T turns sixteen next week. Sixteen! It’s not really a shock, I mean he towers over me (and I’m not short) and he’s finished school (for now). But, sixteen! Really?
In many ways he is very mature. He’s considered one of the more sensible ones of his group of friends. He is often the voice of reason and he’s generally pretty level headed. I’m sure he has his moments when he is out with his friends. I’m sure the T that we see is different to the T that his friends see. But his basic good nature and sense of right and wrong shine through, I hope.
Last weekend his cadet group won the County Competition for the second year running, wining 5 of the categories before taking the overall prize. A very proud moment. He is in the running for a section leader when they return in September. I thought this might be a bit like becoming a sixer at Cubs – based on age and by default – but apparently not, this is based on merit and for showing potential. I keep my fingers crossed for him.
The weekend before that he was on his DofE final expedition up in the Peak District. He got through it in his group of 6 with no issues. The food was awful but they were one of the first groups to complete each day’s route and they were all pretty sensible about drinking enough water. He prepared all his own gear to take (I buy what he asks me to and he packs it) and I really had very little involvement in any of the whole 2 years of his taking part in the scheme other than handing over money. Oh, and doing his washing on his return, of course.
He is travelling up to Scotland at the beginning of next month to compete in the National Cadet Competition, flying up with 4 other cadets and 2 leaders. He’ll pack his own stuff, get himself up and ready to leave the house at 5am. He won’t need any looking after. He’ll have a great time.
He’s clearly pretty mature and sensible. He doesn’t really give us cause for concern. So, why haven’t I let him go away for the weekend with three friends? A month or so ago, the prospect of a trip was mentioned. Parents of one of his friends own an apartment in Cumbria and they had offered for him to take a couple of friends up there for a break. On their own. My initial reaction was to assume that they would never get organised, it would cost too much to get there, they wouldn’t be able to find dates when they were all around, etc. Basically, I stuck my head in the sand. It turns out the prospect of time away from parents made them quite resourceful and they found out about coach timetables, dates etc.

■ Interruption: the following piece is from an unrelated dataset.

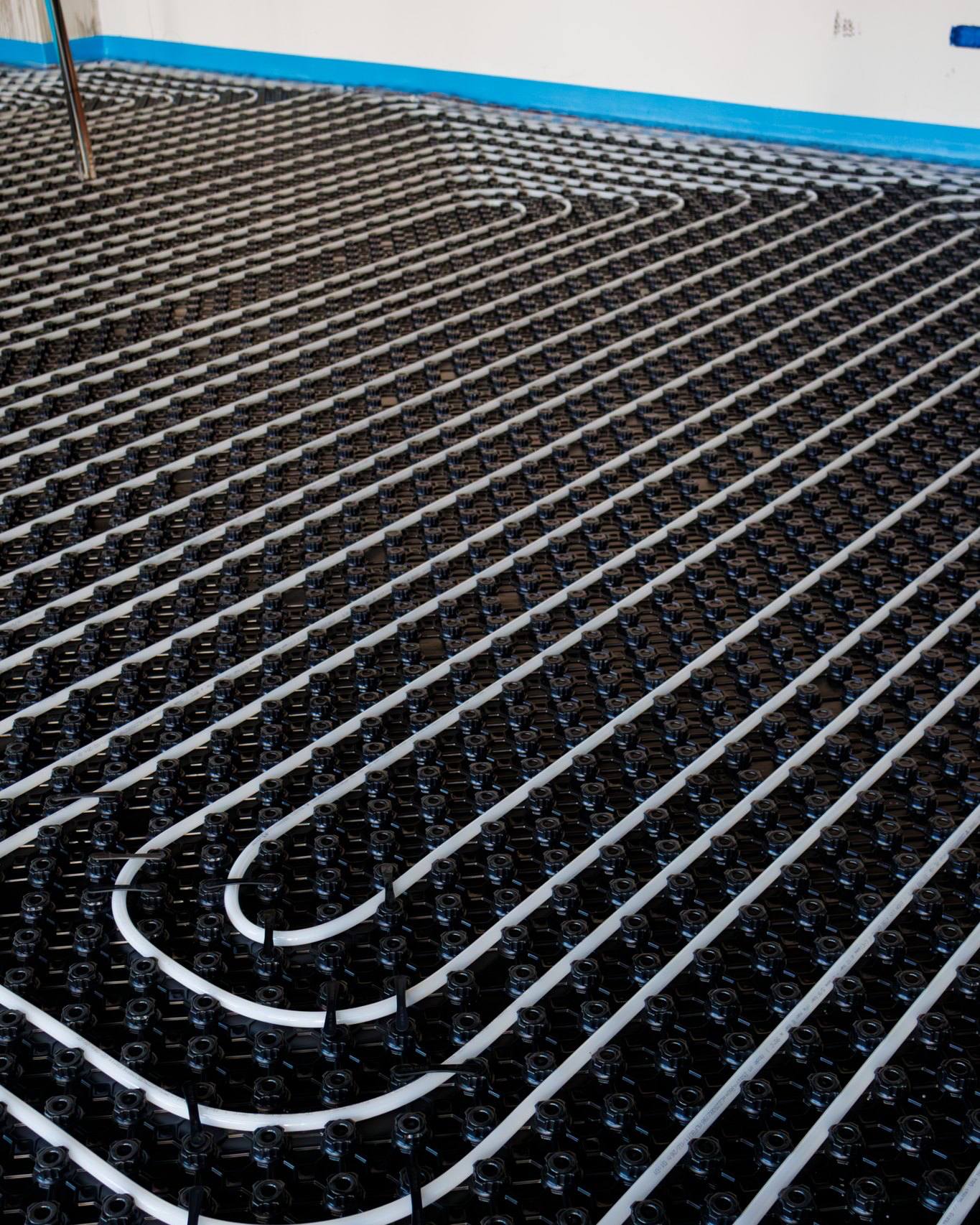 Impianto di riscaldamento a pavimento completato — serpentine PEX perfettamente allineate su pannello bugnato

T explained the (still slightly vague: “it costs about £30 and takes about 4 hours”) plan to us and asked us what we thought, could he go? We said we would discuss it. I already knew my answer and after a night of contemplation (mainly me imagining various scenarios, questioning my sanity for even considering it but feeling I owed it to him to think it through, albeit irrationally as any thought process is as 4am) and a discussion with K the answer was “No”. The reasons? It is a long way away: four hours by coach, means at least 3 hours by car. And, they are only 16 (or not quite, in T’s case) and, in my opinion, not old enough to deal with potential issues (illness, injury) alone whilst waiting for a parent to drive 3 hours to support them.
Yes, he has just spent 3 days and nights trekking through the Peak District and had nothing worse than a couple of blisters to show for it. But he had adult supervisors within 10 miles of his location at all times. There were checkpoints all along the way. And I STILL worried about him. Not worried to death, but just, you know, hoping he was OK and wondering how he was getting on sort of worried. A normal level of worry.
Five days in Cumbria with 3 friends, all of whom are great boys. They look out for each other. They’re not stupid. But no adults nearby; no-one to keep an eye on them, make sure they are OK; no-one to help out in an emergency; in an area that, apart from the friend whose parents own the apartment, none of them knows; with us three hours (at least) drive away. Part of me hoped for just one other parent to say “no”. Not because I need validation that I am making the right decision, but just so he’s not the only one not allowed to go. He’s taken it really well, considering. He’s a bit miffed but he’s not a sulker.
I know he will want to go away with friends, to festivals, on holiday abroad, very, very soon. And I know I need to let him. But, at not-quite-yet 16 I think it is too much, too young.